Axel Hecht Mozilla in Your Language

October 30, 2007

Firefox 2 glossary

Filed under: L10n — Axel Hecht @ 3:01 am

As I have been blogging before, I try to create a glossary for Firefox 2. I’m leaving out all the gory details, but it’s been a hard fight between me trying to be clever and being dumb. I’m still not happy with the code that creates the data, but still, I think this iteration generates output that looks good enough to share, and get busted by others.

With all the grumpiness about my code, I’m pretty happy that I didn’t have to do the web part, so thanks to shaver for poking plasticmillion about exhibit. That went pretty slick up to a site of my standards. Read, with full visual suckage. I did find a bug in exhibit, though.

The dataset I have now went through a series of iterations to do the right thing to find phrases, which, by now, should be a nice set of educated guesses. I’m probably wrong with some, so if you find a string that shouldn’t be there, or should be and isn’t, that’s likely a bug.

Ok, beef. Here’s the link. It should have all phrases that appear in Firefox more than once, sortable by length and occurence, but not sequences that are just filler words. I have a short black list for the latter. For each phrase, you can click on it, and it will open an mxr search on the MOZILLA_1_8_BRANCH in all localizable files for it. I didn’t file the mxr bugs, nor did I yet try to work around them, searching for ‘foo’ including ticks doesn’t work, at least. And of course, you can search the glossary, it’d suck otherwise, right? Thanks to exhibit, that was easy.

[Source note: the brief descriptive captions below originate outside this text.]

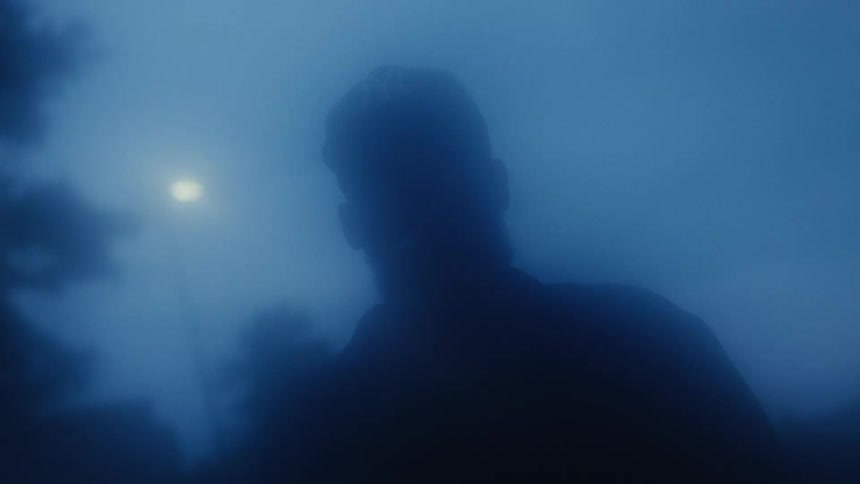 A mysterious figure is silhouetted in the dense blue fog at night, with a single street lamp glowing in the distance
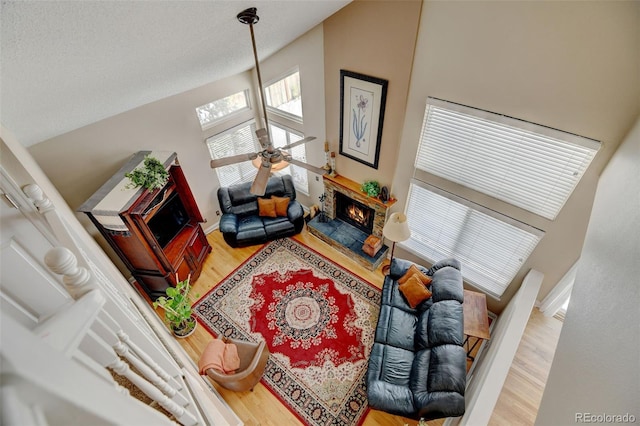 living room featuring a stone fireplace, hardwood / wood-style floors, and ceiling fan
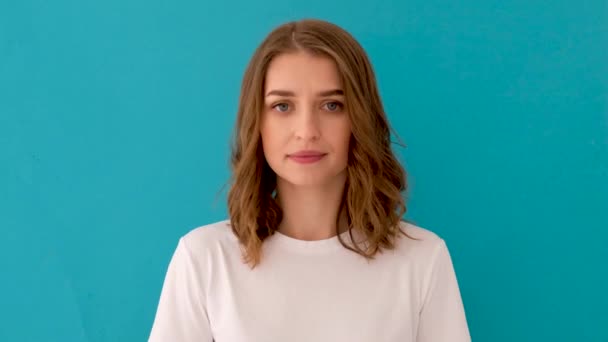 Woman in white t shirt looking at camera — Stock Video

Before going further into this, is this something worthwhile for the l10n community? Other RFEs? Right now, the source data is in sqlite, which I intend to share, if anyone’s interested, though the database schema and the way I create it needs work.

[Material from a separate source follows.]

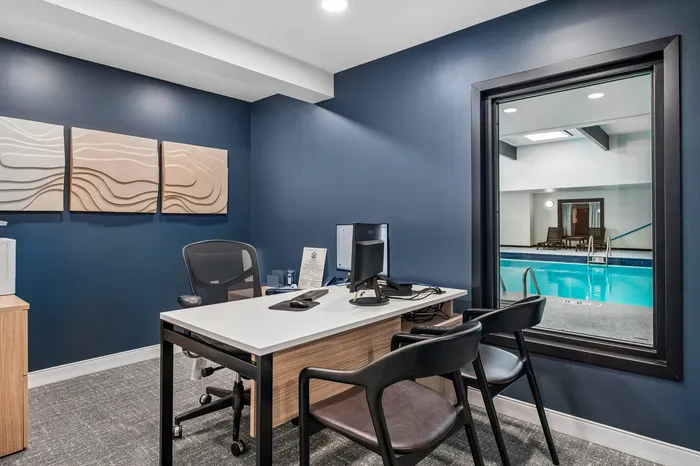 Modern office space with sleek decor, overlooking an inviting indoor pool area through a large window.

And before you ask, yes, I tried to run it on Thunderbird, too, but it seemed to make the story harder and dominate the results. I guess it’d be better to just create two separate apps. I’m having perf problems with the code, too, so I wasn’t too keen to do more than initially necessary. I don’t index security/manager, because the localizable files in there are just yucky, and I didn’t want to special case for stuff like # being replaced by a newline.

October 17, 2007

Localization is hard, the math way

Filed under: L10n — Axel Hecht @ 2:48 pm

I thought I share some statistics about our localizable strings. I’m currently trying to create a tool that would help localizers to find terms or phrases that show up in Firefox often. Roughly, an automated way to do glossaries. So, the basic idea is to go through our localizable files, and search for phrases that come up elsewhere. Example:

I love to localize.

I don’t really love to blog.

should factor out “love to”. So, how does one do that? First, you get all localizable strings. Or not all, just the ones in properties files and DTDs. And neglect those that are just simple chars, those are likely access and commandkeys, not much to see there. Some of those entries have multiple sentences in them, so split those. Then split all words. Now you have a sequence of sequences of words. So you “just” have to find the unique subsequences of those sequences.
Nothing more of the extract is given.